What the exercise asks: Please print every record below exactly as written, leaving out the pictures.

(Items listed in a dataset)
┌────────

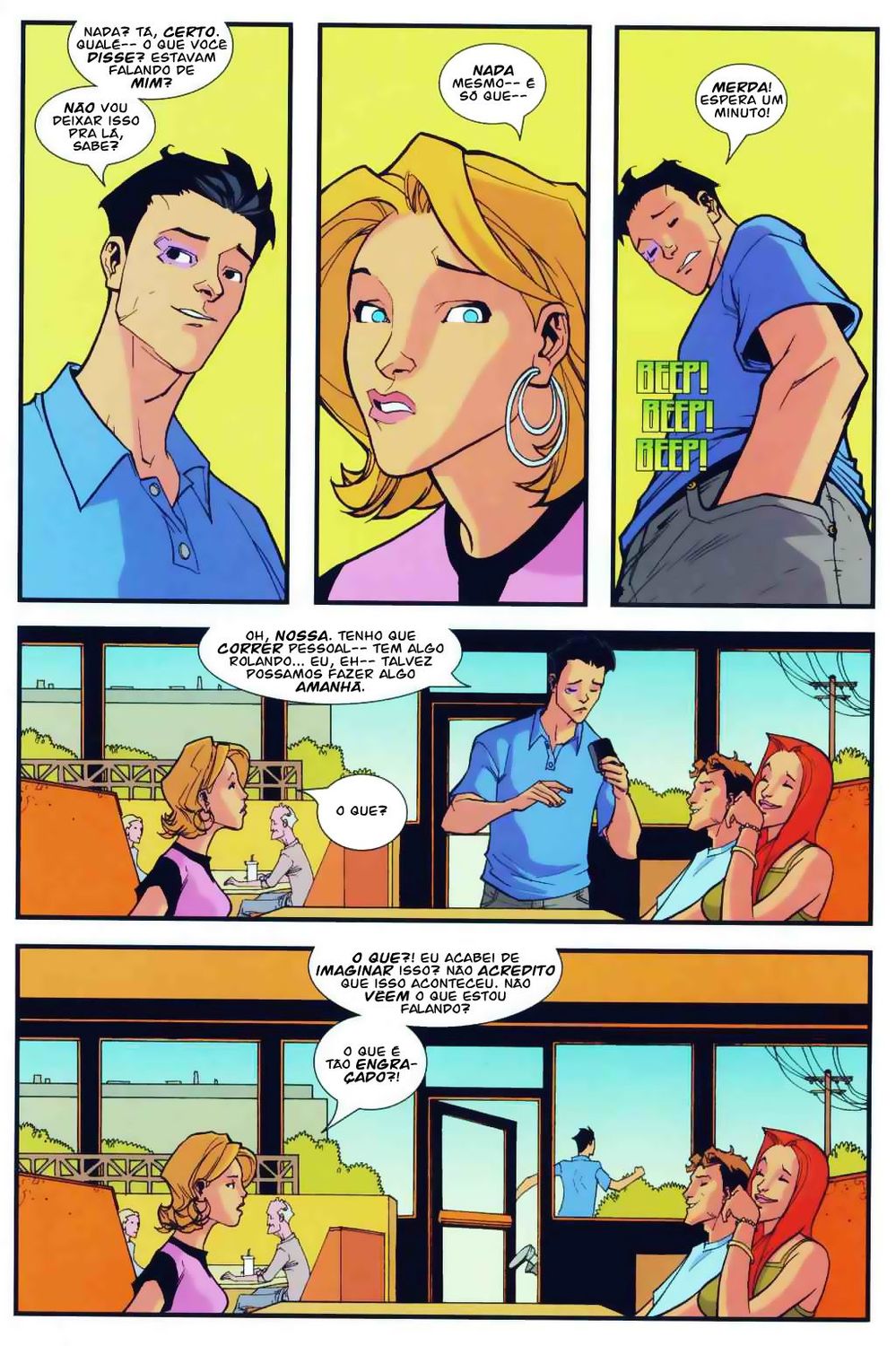 Read Invencível (2003) (pt) Manga Online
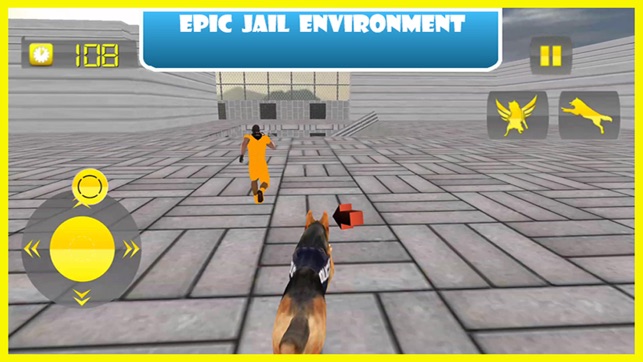 Flying Police Dog Prison Break - Prisoner Escape Jail Breako(圖4)-速報App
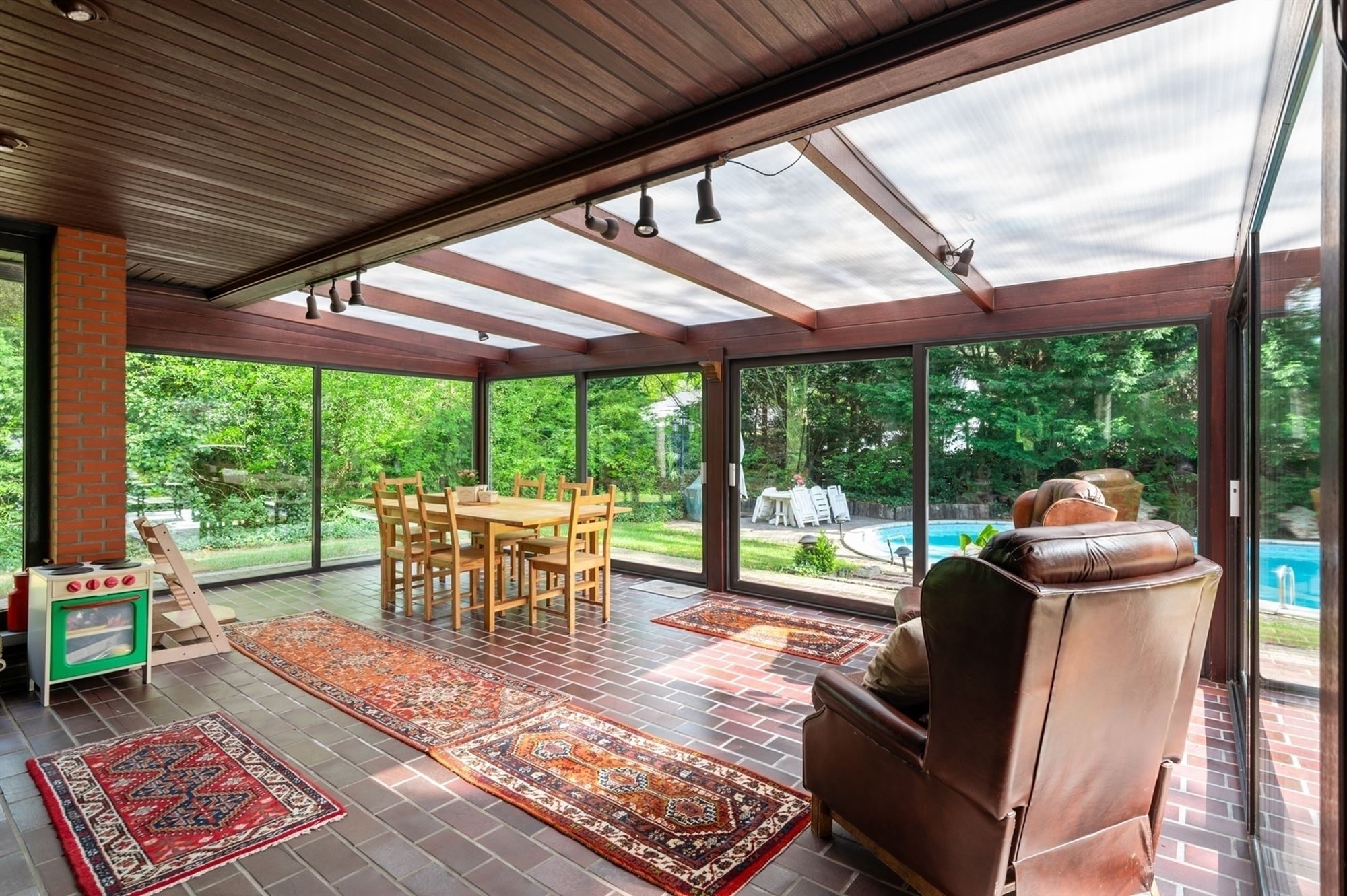 Architecturale woning, op een uitstekende locatie te Rijmenam foto 7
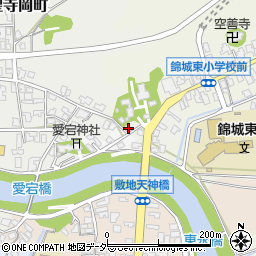 石川県加賀市大聖寺天神下町18-1周辺の地図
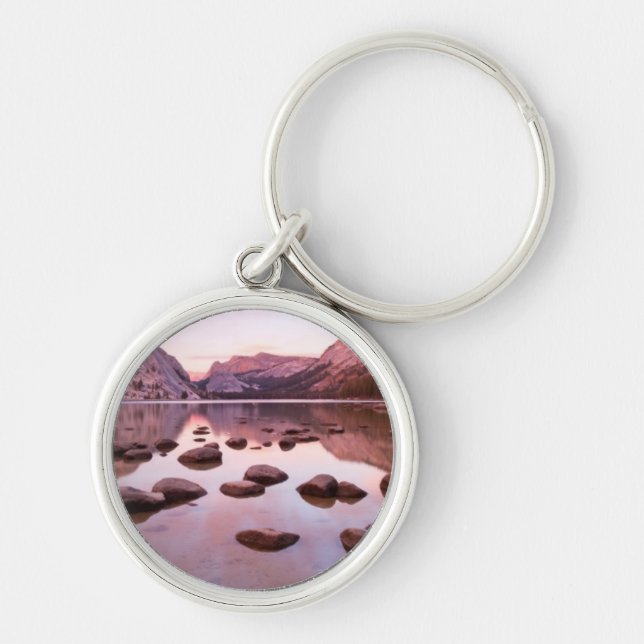 Tenaya Lake Keychain (Front)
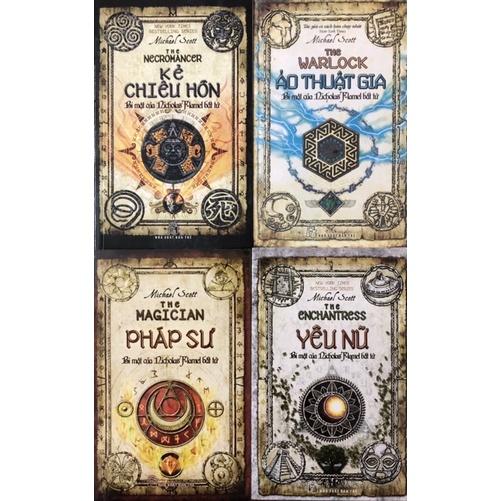 Sách -  Bí Mật Của Nicolas Flamel Bất Tử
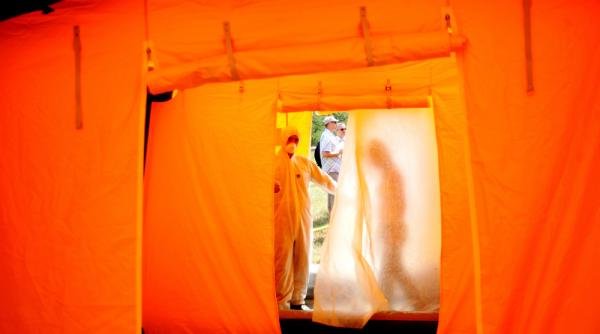 explozie pe un poligon militar din bulgaria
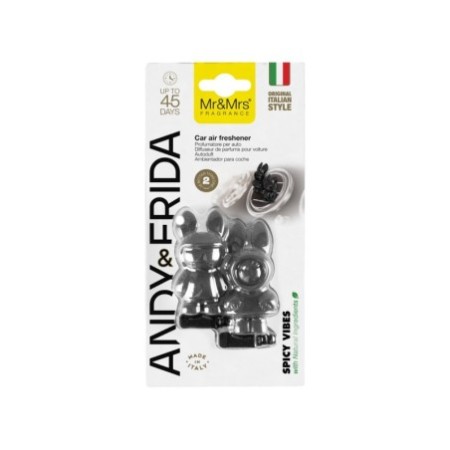 SPICY VIBES Odświeżacz do samochodu ANDY&FRIDA - Mr&Mrs Fragrance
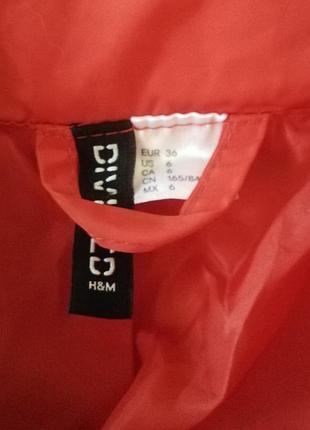 Дутая куртка дутик пуффер h&amp;m 7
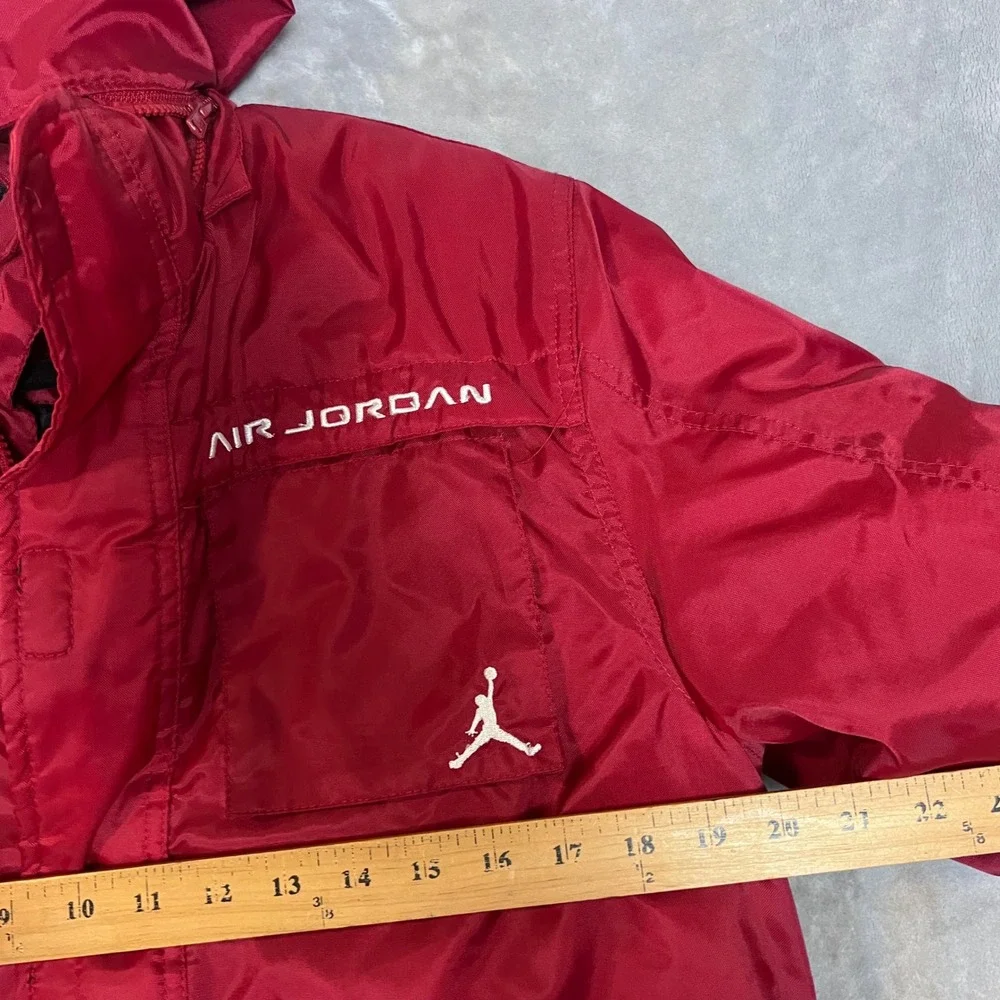 Jordan air hooded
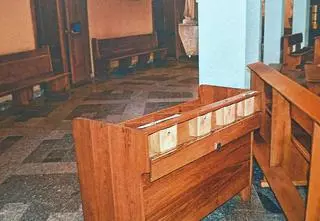 Z kościoła zniknęły pieniądze. Pokazali nagranie, zatrzymali mężczyznę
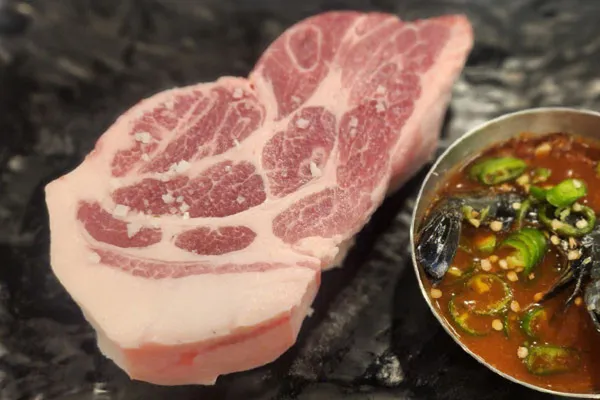 삼미흑돼지 중문점の写真2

└────────

Exercise response:
 Read Invencível (2003) (pt) Manga Online
 Flying Police Dog Prison Break - Prisoner Escape Jail Breako(圖4)-速報App
 Architecturale woning, op een uitstekende locatie te Rijmenam foto 7
 石川県加賀市大聖寺天神下町18-1周辺の地図
 Tenaya Lake Keychain (Front)
 Sách -  Bí Mật Của Nicolas Flamel Bất Tử
 explozie pe un poligon militar din bulgaria
 SPICY VIBES Odświeżacz do samochodu ANDY&FRIDA - Mr&Mrs Fragrance
 Дутая куртка дутик пуффер h&amp;m 7
 Jordan air hooded
 Z kościoła zniknęły pieniądze. Pokazali nagranie, zatrzymali mężczyznę
 삼미흑돼지 중문점の写真2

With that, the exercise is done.